In Valhalla the characters move through various Nordic locations with accompanying text at the bottom of the screen detailing all character actions. It is set mainly in Asgard and Midgard, though when the character dies, it reappears in Hell (Niflheim under another name) and is able to walk out.

The game's text parser understands most multi-part sentences, as long as they are written using the words listed in the manual. Listing the accepted words was not seen in most similar titles of the time.

The aim is to collect six mythical objects: Ofnir (key), Drapnir (ring), Skornir (shield), Skalir (sword), Felstrong (axe), and Grimnir (helmet). To obtain all the items, the player receives help from various characters from Norse mythology. If the player dies while holding any of the six items, it will be lost and moved to a new location. These objects are required to access otherwise unreachable parts of the game, such as Valhalla, but carrying any of the items saps the player's strength.

The character has an alignment (between good and evil) that changes depending on which of the other characters are helped. The more the player helps good characters, the more other good characters will help the player in their quest. Characters include gods, goddesses, dwarves, dragons, wolves, a snake, and a raven.

The characters move and interact independent of any action by the player. If the player does nothing, the game 'plays' itself, with the characters moving about while the player decides what to do.
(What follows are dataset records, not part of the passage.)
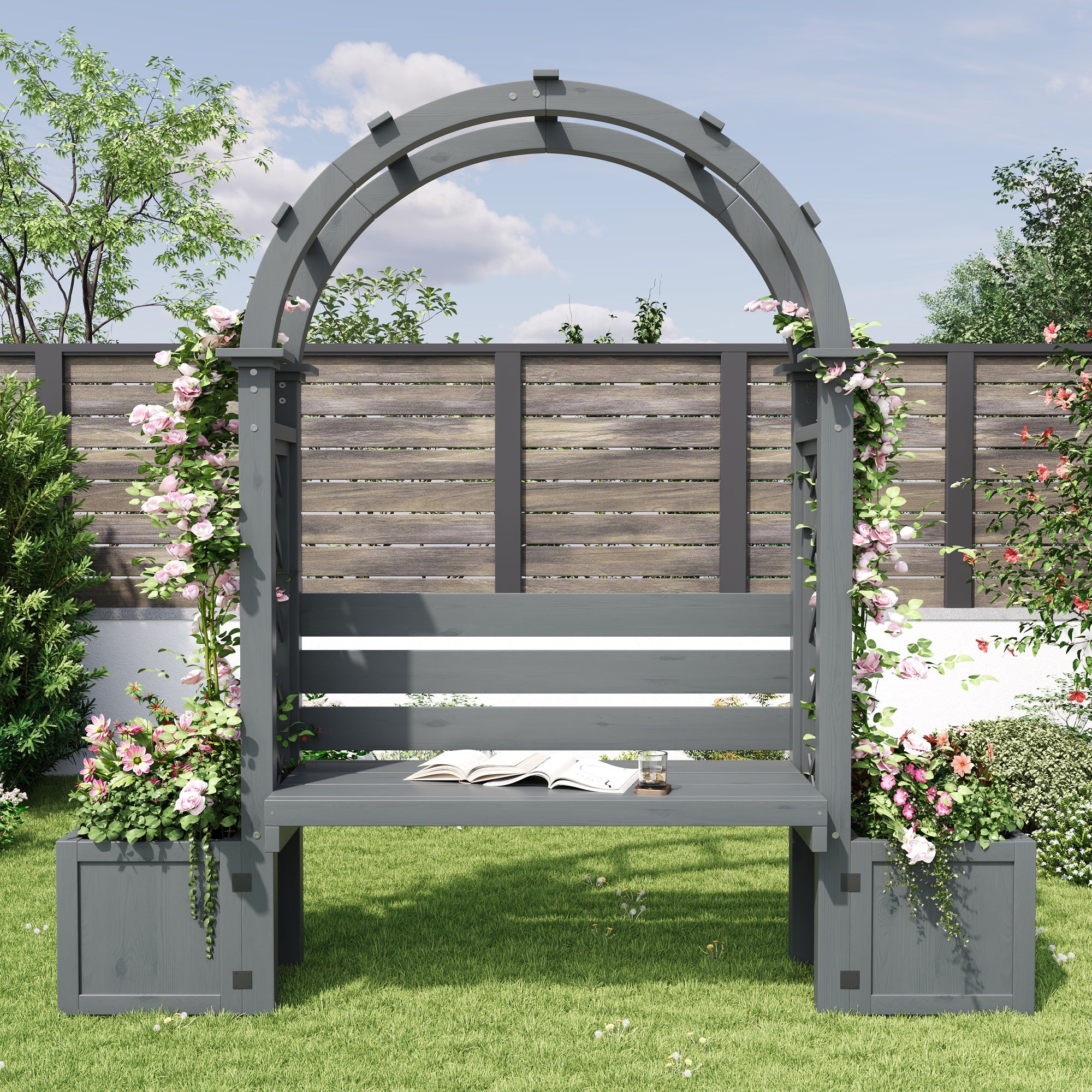 Planter with Trellis and Seating for Garden Yard and Patio, Wood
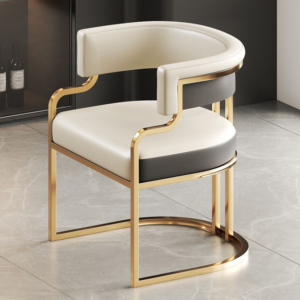 Modern luxury steel dining chairs with PVD finish and plush upholstered seating by Modanio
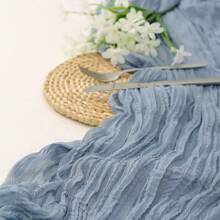 1pc 90*400cm Bohemian Misty Blue Cheesecloth Table Scarf - Delicate Translucent Gauze Table Drape Perfect For Wedding Receptions, Bridal Showers, Birthday Celebrations And Holiday Party Decor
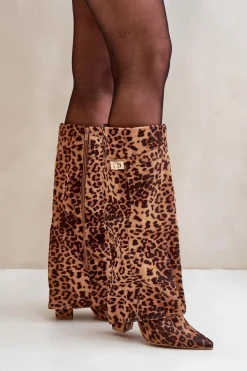 Damskie Kozaki Na Słupku Przed Kolano Panterka Brązowe Portora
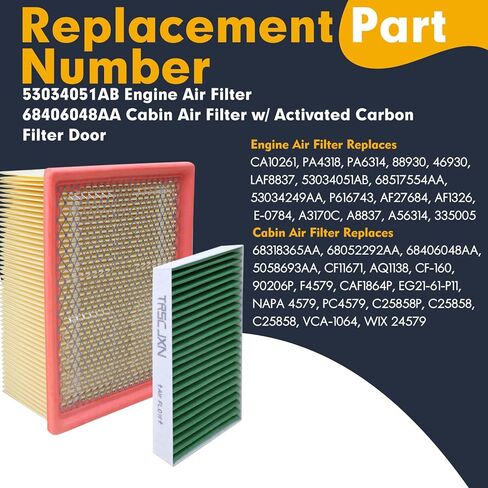 53034051AB Engine Air Filter& 68406048AA Cabin Air Filter w/Activated Carbon & Filter Door for Dodge Ram 1500 2500 3500 4500 5500, for Journey Avenger Compass Patriot Caliber Chrysler 200 (2007–2023) in Saudi Arabia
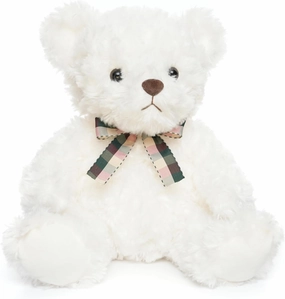 Fluffy White Teddy Bear Stuffed Animals Plush Toys with Lattice Tie for Kids Babies Birthday Bedtime, 12 inches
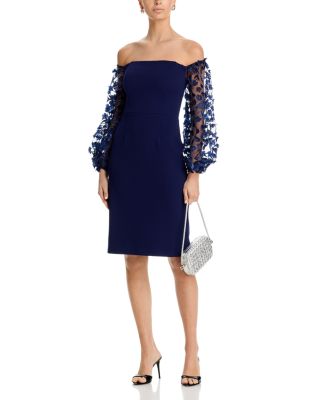 Off The Shoulder Balloon Sleeve Cocktail Dress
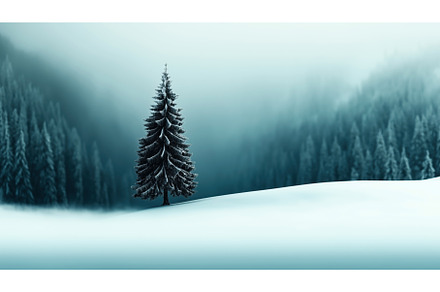 Solitary evergreen tree in a snowy, a Nature Photo by Sergey Kotenev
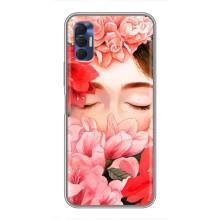 Чехлы (ART) Цветы на TECNO Spark 8P (VPrint) (Глаза в цветах)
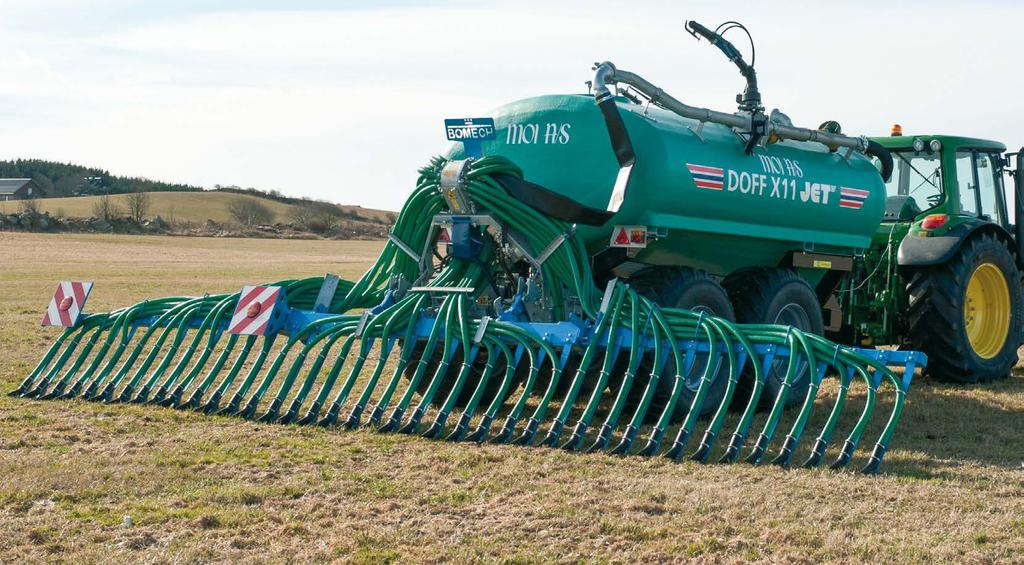 Bomech Greenstar Flex Den beste måten å gjødsle åker, korn og dyrkbar mark De spesialformede sprederne i rustfritt stål og gummiskoene går igjennom plantene sideveis og gjødselen går direkte i bakken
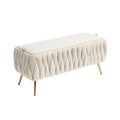 COOLMORE Storage Ottoman,Bedroom End Bench,Upholstered beige-velvet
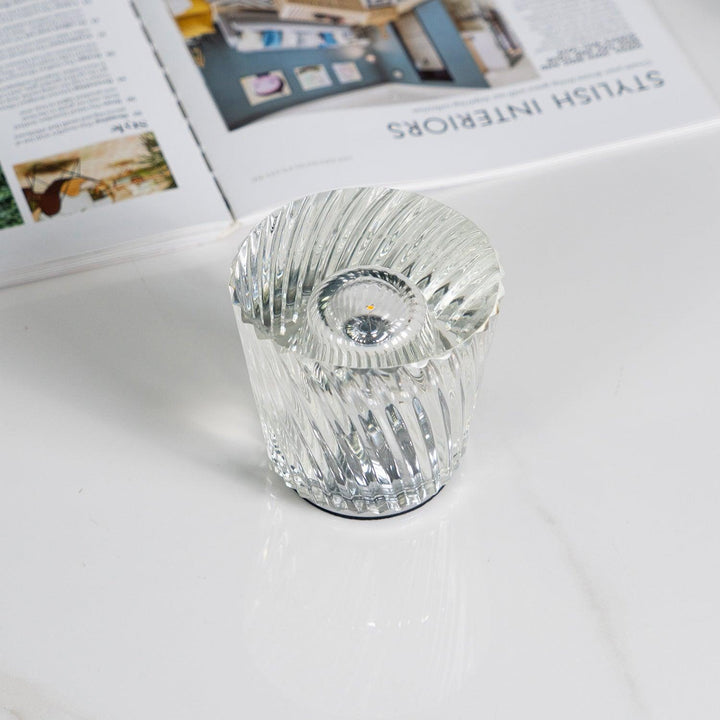Crystal diamond table lamp with integrated battery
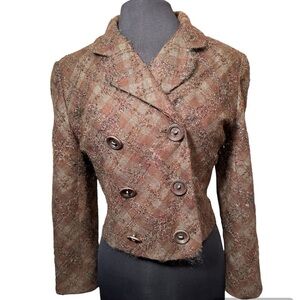 Eric Gaskins 100% wool cropped blazer size 8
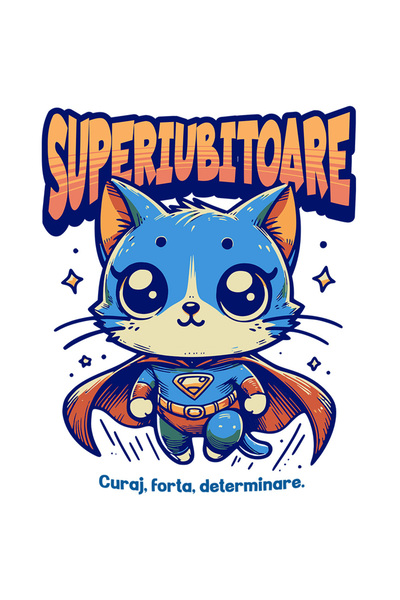 StoryGift Romania Sticker Autocolant 70CM Super Iubitoare, SuperErou, Pisica ...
Typing in a swear word causes a dwarf to dash onto the screen to punch the player while generating the message "Mary is not amused....". Mary can be found in El Vinos and even if killed, she returns within a minute.

The game engine has a limit of eight objects to be left in any one location, whether on the ground, in a chest, or in a cupboard. If the player drops an object in an area where the limit has been reached, a character called Klepto appears to steal the item, removing it from the game.

== Development ==
The publishing house Legend, founded and managed by John Peel, had previously published titles under the Microl label which financed the development of Valhalla. The game was developed by Richard Edwards, Graham Asher, Charles Goodwin, James Learmont, and Andrew Owen using a system they named "Movisoft" which Peel hoped would become "the adventure game equivalent of CP/M". The system occupied 4K of the game footprint and used machine code, with the rest of the game engine and text parser written in Sinclair BASIC. The C64 version of the game was released in the first half of 1984 and featured larger and coloured character graphics.

The cover of the game, as well as the loading screen, features a drawing of the Sutton Hoo helmet, an artifact from the 7th century believed to have belonged to King Rædwald of East Anglia.